Exercise prompt: Look through the records below for the line holding "Fachada de la". Write it out exactly, with each following line through the line holding "VINTAGE HEKMAN USA".

Data in this exercise:

____________

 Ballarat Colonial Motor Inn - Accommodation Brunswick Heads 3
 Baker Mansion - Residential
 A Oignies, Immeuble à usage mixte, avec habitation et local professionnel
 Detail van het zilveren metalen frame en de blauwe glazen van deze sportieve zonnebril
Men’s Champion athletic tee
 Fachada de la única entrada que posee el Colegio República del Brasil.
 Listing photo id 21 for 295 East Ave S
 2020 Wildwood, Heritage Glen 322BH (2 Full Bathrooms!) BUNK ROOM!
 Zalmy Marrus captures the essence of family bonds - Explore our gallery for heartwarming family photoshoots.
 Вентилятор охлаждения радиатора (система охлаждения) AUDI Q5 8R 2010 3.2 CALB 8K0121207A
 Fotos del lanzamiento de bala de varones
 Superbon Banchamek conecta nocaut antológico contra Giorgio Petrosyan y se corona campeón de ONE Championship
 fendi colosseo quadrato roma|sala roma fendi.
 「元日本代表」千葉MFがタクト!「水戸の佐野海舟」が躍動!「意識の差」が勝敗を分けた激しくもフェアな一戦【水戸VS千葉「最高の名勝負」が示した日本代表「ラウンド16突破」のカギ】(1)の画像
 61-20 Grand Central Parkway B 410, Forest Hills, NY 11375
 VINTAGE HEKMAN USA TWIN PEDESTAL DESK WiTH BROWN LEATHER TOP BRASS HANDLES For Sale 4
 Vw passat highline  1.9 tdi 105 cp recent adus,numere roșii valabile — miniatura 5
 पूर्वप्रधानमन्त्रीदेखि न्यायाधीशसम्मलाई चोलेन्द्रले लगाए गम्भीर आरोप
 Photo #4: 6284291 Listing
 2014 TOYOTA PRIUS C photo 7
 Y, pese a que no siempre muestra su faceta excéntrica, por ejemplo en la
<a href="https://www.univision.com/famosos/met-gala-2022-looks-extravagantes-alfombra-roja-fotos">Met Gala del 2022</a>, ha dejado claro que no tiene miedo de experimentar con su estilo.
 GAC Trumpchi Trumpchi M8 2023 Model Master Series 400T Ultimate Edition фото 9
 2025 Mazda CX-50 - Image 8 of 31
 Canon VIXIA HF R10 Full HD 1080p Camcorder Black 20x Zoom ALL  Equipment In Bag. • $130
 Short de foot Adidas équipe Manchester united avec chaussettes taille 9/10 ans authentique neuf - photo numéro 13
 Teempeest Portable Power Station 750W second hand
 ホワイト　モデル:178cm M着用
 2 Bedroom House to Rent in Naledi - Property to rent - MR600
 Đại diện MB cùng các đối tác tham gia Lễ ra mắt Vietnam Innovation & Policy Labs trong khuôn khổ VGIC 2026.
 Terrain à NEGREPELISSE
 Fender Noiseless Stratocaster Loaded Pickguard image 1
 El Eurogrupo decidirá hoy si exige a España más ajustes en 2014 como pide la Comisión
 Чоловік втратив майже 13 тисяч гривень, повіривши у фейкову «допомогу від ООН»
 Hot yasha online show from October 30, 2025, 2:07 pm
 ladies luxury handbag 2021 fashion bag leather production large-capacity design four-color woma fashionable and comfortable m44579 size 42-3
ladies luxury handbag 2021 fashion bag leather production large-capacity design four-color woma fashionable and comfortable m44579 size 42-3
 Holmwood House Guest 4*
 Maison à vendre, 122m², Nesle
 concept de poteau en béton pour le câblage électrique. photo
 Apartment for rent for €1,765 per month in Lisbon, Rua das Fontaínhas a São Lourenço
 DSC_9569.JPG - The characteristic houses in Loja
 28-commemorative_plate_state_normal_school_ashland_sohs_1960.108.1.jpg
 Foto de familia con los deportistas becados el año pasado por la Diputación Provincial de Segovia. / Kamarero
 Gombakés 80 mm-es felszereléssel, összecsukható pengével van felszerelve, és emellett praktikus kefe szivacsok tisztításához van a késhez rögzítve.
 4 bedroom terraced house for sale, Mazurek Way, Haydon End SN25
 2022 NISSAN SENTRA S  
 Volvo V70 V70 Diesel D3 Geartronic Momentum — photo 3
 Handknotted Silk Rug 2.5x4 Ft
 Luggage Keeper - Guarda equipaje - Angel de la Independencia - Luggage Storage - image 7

____________

Exercise output:
 Fachada de la única entrada que posee el Colegio República del Brasil.
 Listing photo id 21 for 295 East Ave S
 2020 Wildwood, Heritage Glen 322BH (2 Full Bathrooms!) BUNK ROOM!
 Zalmy Marrus captures the essence of family bonds - Explore our gallery for heartwarming family photoshoots.
 Вентилятор охлаждения радиатора (система охлаждения) AUDI Q5 8R 2010 3.2 CALB 8K0121207A
 Fotos del lanzamiento de bala de varones
 Superbon Banchamek conecta nocaut antológico contra Giorgio Petrosyan y se corona campeón de ONE Championship
 fendi colosseo quadrato roma|sala roma fendi.
 「元日本代表」千葉MFがタクト!「水戸の佐野海舟」が躍動!「意識の差」が勝敗を分けた激しくもフェアな一戦【水戸VS千葉「最高の名勝負」が示した日本代表「ラウンド16突破」のカギ】(1)の画像
 61-20 Grand Central Parkway B 410, Forest Hills, NY 11375
 VINTAGE HEKMAN USA TWIN PEDESTAL DESK WiTH BROWN LEATHER TOP BRASS HANDLES For Sale 4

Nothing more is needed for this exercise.